Though everyone feels stress occasionally, it's important to unwind. Meditation works for some people, but little treats — such as sneaking in a midday movie or indulging in a long lunch — can also help to keep you cold- and flu-free.

7. Surround yourself with friends
Just as stress can undermine your immune system, having a strong social network can boost it. A ten-year Stanford University study found that women with breast cancer who joined a support group had better prognoses than women who did not belong to such a group.

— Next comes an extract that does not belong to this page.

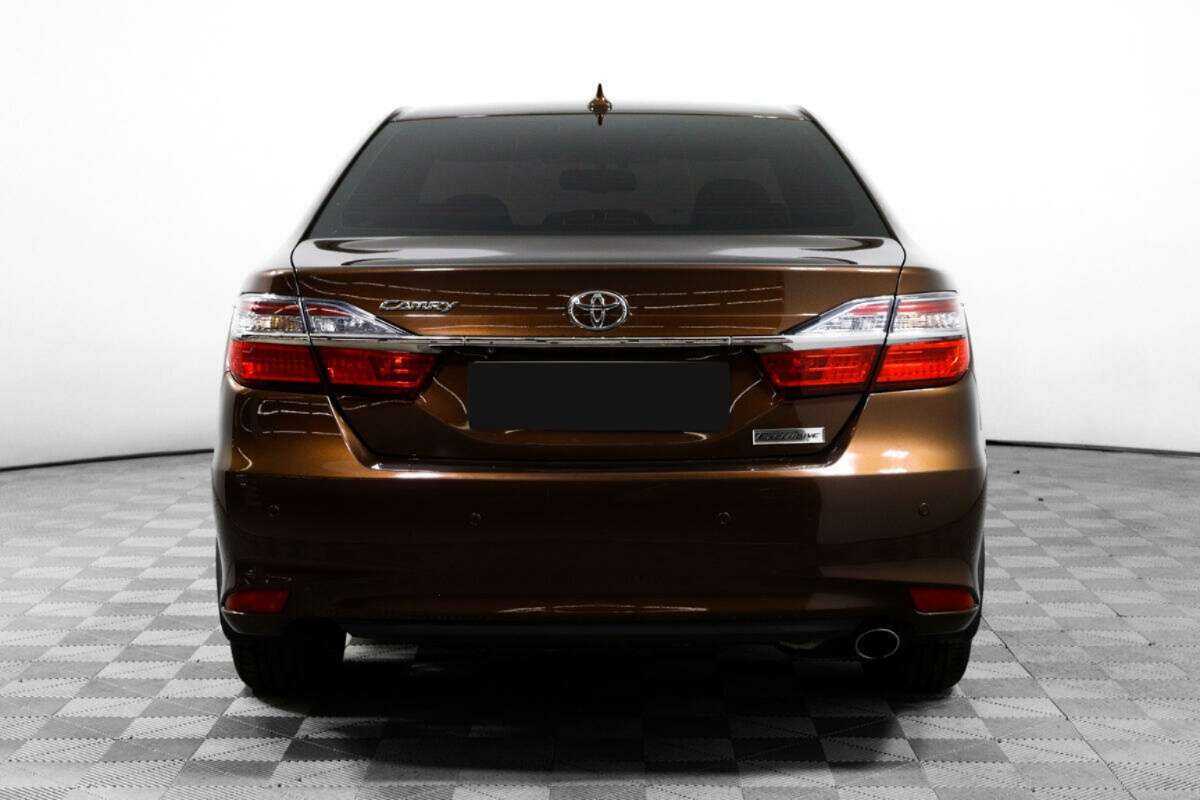 Toyota Camry, 2017 Фото №6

The benefits of having a social life extend to battling minor illnesses as well. When researchers at Carnegie Mellon University gave nearly 300 people nasal drops that contained the rhinovirus, they found that those with only one to three social relationships were four times more likely to come down with a cold than those who had six or more friends.

8. Exercise regularly
"It may optimize your body's defenses against illness," says the Mayo Clinic's Dr. Hagen. The American College of Sports Medicine recommends that you exercise for 30 minutes on most, if not all, days of the week, to lower your risk for respiratory infections. If you happen to catch a cold, you may recover faster if you're fit. Researchers have found that cold symptoms lasted half as long in women who walked for 45 minutes per day, five days a week, as they did in women who were sedentary.